[TASK BRIEF]
An exact transcript of every entry is required, without any of the pictures.

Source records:
▬▬▬▬▬▬

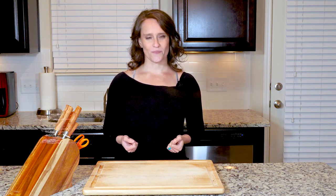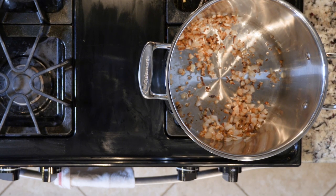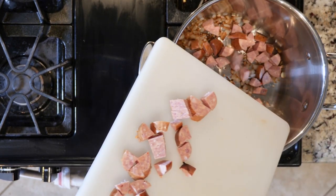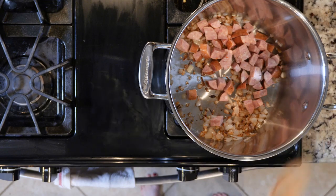Now let's get cooking. Start by heating a little oil or butter in a large pot over a medium-low flame. Add the onions and garlic. Cook for 10 minutes until translucent and beginning to turn golden. Add the sausage and let it crisp up for five minutes.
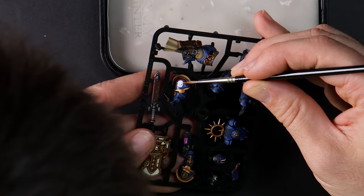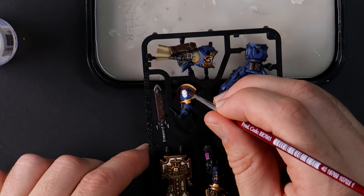No freehand attempts today, but I'll decorate one of the shoulders with a decal. I picked out a photo frame that is a deep-cut box style that will fit the whole mini inside. Let's see how it looks.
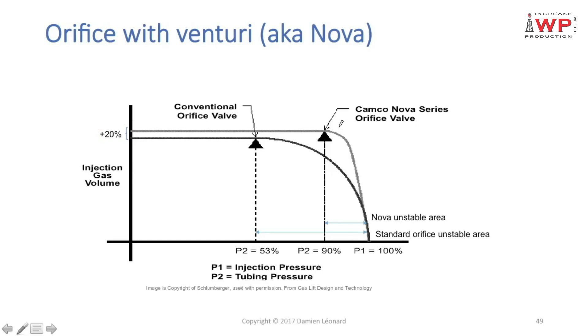One more thing to notice: since the venturi reaches critical rate with a much smaller delta P and the critical rate is 20% higher, the subcritical area will have a much steeper slope. Because of that, it is not recommended to use a venturi orifice if the delta P across it is going to be smaller than 10%. I recommend taking some margin — install a venturi orifice only if you know you have at least 20% delta P across it.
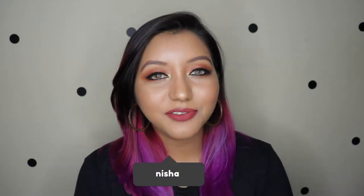Hey guys, what is going on and welcome to my channel. For today's video I will be doing a full face of makeup using the AliExpress brushes, which is a set of 10.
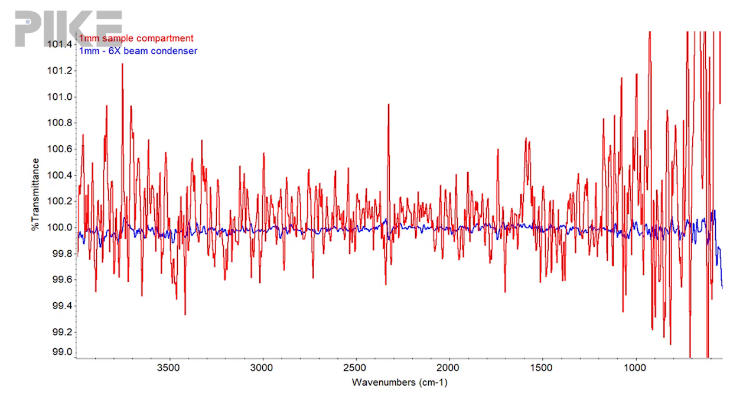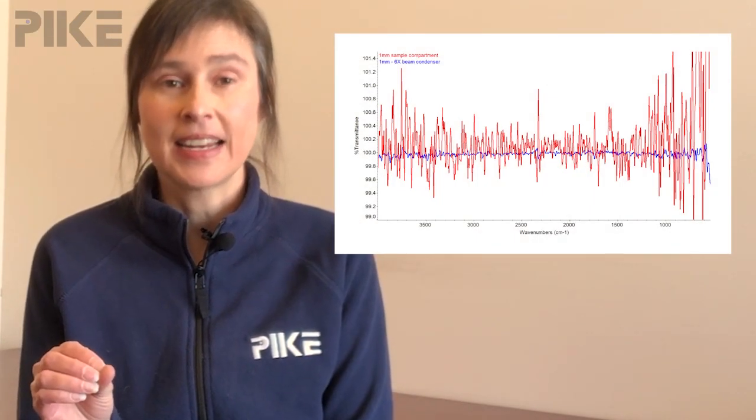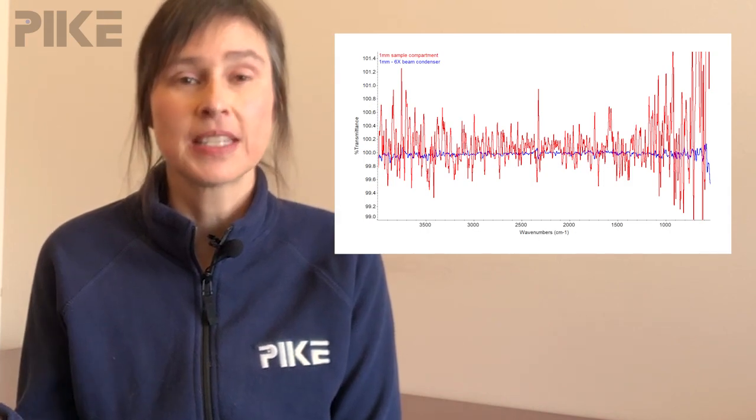The blue line was through our 6X beam condenser. And you can see how much quieter the blue line, which is the beam condenser data, was relative to just the sample compartment.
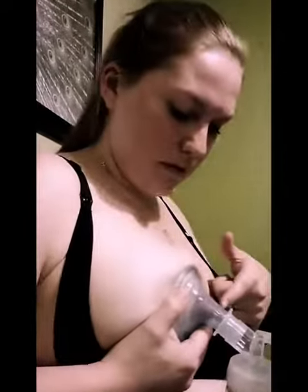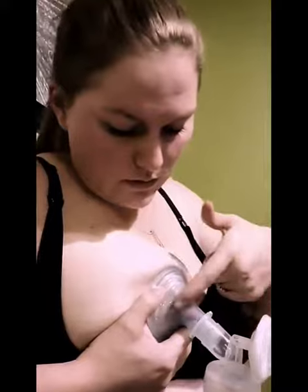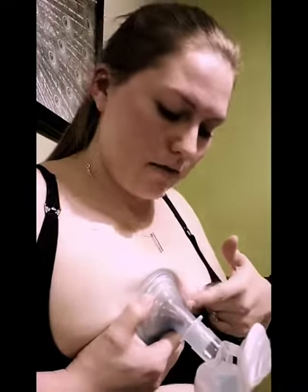You'll be able to see once that's going that my nipple is nice and far in here, my areola is touching here which does not cause any discomfort, and it's suctioning. There is a little bit of motion but it's not rubbing constantly.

▬▬▬▬▬▬

[ANSWER BOX]
Now let's get cooking. Start by heating a little oil or butter in a large pot over a medium-low flame. Add the onions and garlic. Cook for 10 minutes until translucent and beginning to turn golden. Add the sausage and let it crisp up for five minutes.
No freehand attempts today, but I'll decorate one of the shoulders with a decal. I picked out a photo frame that is a deep-cut box style that will fit the whole mini inside. Let's see how it looks.
One more thing to notice: since the venturi reaches critical rate with a much smaller delta P and the critical rate is 20% higher, the subcritical area will have a much steeper slope. Because of that, it is not recommended to use a venturi orifice if the delta P across it is going to be smaller than 10%. I recommend taking some margin — install a venturi orifice only if you know you have at least 20% delta P across it.
Hey guys, what is going on and welcome to my channel. For today's video I will be doing a full face of makeup using the AliExpress brushes, which is a set of 10.
The blue line was through our 6X beam condenser. And you can see how much quieter the blue line, which is the beam condenser data, was relative to just the sample compartment.
You'll be able to see once that's going that my nipple is nice and far in here, my areola is touching here which does not cause any discomfort, and it's suctioning. There is a little bit of motion but it's not rubbing constantly.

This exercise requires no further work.